When I was a freshman in college and Richard Nixon was President, I took a sociology course which sought to address some of the harsh political events and divisive opinions which were tearing the country apart. (The term ended with the killings at Kent State and – less remembered, perhaps – at Jackson State.) Over the term, a number of guest speakers offered their understanding of what was really going on locally and nationally in what seemed to me at the time to be a poisonous political climate.

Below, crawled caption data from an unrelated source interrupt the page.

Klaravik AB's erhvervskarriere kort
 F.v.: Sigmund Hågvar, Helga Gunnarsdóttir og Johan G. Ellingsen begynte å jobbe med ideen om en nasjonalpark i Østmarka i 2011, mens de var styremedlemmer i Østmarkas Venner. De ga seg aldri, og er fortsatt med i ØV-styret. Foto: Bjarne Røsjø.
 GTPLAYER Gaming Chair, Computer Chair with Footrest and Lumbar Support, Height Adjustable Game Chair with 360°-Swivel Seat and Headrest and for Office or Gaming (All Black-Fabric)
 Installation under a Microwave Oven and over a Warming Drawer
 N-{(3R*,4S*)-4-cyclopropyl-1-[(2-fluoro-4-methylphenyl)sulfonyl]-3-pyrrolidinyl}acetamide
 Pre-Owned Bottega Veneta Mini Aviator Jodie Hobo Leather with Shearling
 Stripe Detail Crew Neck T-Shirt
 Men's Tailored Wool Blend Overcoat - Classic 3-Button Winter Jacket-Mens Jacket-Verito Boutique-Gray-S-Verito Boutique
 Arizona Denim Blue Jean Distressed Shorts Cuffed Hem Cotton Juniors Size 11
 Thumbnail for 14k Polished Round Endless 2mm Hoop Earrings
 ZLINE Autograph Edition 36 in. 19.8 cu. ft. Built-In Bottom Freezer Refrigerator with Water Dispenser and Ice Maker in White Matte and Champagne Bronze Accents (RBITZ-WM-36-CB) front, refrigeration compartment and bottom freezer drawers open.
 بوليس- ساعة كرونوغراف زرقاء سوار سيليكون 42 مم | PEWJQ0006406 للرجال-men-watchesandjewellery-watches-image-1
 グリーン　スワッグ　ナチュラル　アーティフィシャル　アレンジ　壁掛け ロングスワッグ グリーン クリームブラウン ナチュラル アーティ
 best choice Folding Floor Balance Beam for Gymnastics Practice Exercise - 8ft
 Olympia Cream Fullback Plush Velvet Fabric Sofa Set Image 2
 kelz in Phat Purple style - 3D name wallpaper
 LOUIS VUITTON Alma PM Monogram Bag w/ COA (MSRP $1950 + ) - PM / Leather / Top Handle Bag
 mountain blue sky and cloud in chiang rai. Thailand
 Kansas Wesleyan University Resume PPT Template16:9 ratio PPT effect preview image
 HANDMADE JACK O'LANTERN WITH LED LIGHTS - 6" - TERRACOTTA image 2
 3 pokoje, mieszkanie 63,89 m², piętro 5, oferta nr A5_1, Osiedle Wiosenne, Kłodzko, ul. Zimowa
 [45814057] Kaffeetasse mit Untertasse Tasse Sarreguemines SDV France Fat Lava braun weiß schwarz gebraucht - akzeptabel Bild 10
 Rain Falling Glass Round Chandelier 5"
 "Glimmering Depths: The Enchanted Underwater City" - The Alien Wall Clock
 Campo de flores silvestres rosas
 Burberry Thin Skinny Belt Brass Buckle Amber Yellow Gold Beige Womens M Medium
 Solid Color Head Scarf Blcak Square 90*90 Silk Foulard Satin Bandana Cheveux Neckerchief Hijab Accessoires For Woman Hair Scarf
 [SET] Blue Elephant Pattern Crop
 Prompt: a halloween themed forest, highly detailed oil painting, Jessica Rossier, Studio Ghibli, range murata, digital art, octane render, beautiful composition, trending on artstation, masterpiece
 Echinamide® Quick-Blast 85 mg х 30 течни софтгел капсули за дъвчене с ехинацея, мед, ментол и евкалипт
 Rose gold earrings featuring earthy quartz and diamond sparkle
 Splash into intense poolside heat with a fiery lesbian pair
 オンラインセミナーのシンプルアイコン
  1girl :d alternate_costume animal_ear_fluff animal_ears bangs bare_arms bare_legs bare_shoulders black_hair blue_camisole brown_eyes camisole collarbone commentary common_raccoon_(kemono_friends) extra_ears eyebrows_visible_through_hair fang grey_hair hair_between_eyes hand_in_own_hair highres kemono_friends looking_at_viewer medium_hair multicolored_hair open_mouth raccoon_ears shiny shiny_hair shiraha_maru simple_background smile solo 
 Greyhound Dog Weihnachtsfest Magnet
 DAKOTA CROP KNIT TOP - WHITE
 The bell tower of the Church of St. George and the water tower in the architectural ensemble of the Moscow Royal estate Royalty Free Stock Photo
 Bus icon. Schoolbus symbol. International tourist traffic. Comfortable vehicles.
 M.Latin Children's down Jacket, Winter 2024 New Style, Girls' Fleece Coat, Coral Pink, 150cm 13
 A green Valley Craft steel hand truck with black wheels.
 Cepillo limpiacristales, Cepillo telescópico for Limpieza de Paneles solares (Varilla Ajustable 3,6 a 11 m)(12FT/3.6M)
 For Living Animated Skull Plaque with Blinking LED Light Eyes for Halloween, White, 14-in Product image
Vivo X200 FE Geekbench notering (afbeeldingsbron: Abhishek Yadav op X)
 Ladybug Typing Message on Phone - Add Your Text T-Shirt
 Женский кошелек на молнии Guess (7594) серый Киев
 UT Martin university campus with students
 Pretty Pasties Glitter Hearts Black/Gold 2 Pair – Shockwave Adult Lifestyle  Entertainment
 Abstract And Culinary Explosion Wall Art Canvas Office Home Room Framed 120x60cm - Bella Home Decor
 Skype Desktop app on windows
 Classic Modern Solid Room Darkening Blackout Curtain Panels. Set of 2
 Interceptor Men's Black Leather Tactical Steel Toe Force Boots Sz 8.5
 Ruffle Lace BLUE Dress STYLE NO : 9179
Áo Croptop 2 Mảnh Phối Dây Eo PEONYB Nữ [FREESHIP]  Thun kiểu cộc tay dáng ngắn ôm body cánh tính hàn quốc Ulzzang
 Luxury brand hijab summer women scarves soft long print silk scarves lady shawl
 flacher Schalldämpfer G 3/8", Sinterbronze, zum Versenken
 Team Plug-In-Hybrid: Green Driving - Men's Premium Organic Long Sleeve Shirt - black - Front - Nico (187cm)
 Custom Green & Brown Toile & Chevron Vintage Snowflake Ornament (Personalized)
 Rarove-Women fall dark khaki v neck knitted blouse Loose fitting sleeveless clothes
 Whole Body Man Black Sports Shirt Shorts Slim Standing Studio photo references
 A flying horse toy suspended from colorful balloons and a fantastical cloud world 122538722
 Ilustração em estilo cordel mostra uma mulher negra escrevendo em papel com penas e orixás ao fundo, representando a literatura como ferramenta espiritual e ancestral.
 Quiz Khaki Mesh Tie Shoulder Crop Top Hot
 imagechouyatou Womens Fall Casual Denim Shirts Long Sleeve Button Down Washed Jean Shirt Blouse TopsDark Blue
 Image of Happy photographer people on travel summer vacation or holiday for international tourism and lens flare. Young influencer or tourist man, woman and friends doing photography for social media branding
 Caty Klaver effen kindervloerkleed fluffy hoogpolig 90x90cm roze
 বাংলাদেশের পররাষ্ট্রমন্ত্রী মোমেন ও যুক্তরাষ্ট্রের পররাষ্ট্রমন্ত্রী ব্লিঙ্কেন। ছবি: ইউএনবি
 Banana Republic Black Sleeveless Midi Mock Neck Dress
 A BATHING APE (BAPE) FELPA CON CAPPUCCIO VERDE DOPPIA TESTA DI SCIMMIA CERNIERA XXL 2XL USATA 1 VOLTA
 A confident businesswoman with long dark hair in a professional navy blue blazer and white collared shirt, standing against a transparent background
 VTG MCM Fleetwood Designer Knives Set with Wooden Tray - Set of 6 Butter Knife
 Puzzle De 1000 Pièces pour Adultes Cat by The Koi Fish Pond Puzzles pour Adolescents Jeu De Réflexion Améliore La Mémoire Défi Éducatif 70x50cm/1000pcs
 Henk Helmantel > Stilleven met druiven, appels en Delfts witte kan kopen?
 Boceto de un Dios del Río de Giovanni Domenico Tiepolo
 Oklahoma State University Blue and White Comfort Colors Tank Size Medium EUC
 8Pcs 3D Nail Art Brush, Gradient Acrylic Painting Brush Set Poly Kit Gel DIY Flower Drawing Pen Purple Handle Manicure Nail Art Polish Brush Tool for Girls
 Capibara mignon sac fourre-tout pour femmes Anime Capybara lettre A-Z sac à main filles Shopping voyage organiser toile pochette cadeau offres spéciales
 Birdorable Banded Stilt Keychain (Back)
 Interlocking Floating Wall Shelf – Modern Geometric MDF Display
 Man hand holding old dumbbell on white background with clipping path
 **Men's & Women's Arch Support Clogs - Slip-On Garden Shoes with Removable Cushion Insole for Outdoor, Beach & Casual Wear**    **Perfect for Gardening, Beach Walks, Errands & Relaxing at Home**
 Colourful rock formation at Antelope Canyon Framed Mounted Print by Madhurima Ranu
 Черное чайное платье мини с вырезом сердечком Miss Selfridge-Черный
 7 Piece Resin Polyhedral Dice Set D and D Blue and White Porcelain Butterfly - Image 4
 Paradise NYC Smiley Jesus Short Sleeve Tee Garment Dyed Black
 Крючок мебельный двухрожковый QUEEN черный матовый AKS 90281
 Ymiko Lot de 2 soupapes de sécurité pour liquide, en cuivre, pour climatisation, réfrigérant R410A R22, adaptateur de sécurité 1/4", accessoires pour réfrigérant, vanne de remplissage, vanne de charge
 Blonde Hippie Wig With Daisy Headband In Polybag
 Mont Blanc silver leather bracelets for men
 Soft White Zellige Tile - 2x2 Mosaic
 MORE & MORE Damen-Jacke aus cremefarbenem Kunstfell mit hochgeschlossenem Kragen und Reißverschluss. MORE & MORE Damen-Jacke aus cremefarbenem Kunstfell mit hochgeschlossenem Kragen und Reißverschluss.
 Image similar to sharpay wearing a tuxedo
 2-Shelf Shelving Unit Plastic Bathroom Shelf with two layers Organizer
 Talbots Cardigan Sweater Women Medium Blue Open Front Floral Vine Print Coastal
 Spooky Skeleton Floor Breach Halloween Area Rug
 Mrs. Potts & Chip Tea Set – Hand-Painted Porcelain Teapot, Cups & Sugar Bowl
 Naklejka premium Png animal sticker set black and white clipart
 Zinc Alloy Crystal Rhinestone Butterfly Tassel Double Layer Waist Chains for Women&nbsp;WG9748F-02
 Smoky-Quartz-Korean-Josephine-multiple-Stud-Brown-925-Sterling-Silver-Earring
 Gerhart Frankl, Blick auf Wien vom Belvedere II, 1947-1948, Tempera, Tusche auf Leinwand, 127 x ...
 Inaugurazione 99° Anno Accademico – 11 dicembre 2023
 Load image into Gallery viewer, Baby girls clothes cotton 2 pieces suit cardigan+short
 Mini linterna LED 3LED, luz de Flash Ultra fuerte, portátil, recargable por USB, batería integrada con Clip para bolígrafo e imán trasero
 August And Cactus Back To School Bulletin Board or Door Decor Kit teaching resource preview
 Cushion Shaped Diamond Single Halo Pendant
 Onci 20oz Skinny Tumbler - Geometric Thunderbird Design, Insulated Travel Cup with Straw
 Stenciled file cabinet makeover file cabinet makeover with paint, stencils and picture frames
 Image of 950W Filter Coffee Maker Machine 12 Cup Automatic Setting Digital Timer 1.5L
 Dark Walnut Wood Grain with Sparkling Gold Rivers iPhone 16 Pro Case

One guest to the class was a local police official who told us the communists had infiltrated civil rights and anti-war groups to turn them against America. A fellow classmate – an upperclassman who was less inclined than I to grant that persons in position of authority were informed – asked the speaker “What is a communist?” I protested that everyone knew the answer, but he insisted that the official tell us over my objections. And lo, it turned out the man was ignorant: “They’re not like us; they don’t believe in freedom like we do; they’re…” His explanation petered out embarrassingly. He had no idea what he was talking about. He was almost totally innocent of the subject. And yet he had earlier produced a political thesis with the utmost confidence, a thesis which depended mightily on the presence of communists to justify both itself and his world.
While there were and are plenty of reasonable responses to the excesses of the anti-war movement of the late 60s and early 70s, lazily blaming them on a communist boogieman was patently stupid. It only served to shut down any reasoned examination of the opposition's motives.
This is of a piece with the “Obama is a Muslim” meme we live with today. Muslim is the new brand to freak out about here in America. Muslim is the new communist. What a Muslim is will not be pinned down in the current political discourse. It has become an unfalsifiable predicate. This is because being a Muslim is simply being other than me and mine. It's those other guys, who are not on my team. Islam exists for some only as a negative idea, the negation of their tribe which is engaged in some sort of Manichean struggle for “victory,” whatever that term may mean.
In this way, lazy thinking leads to violence.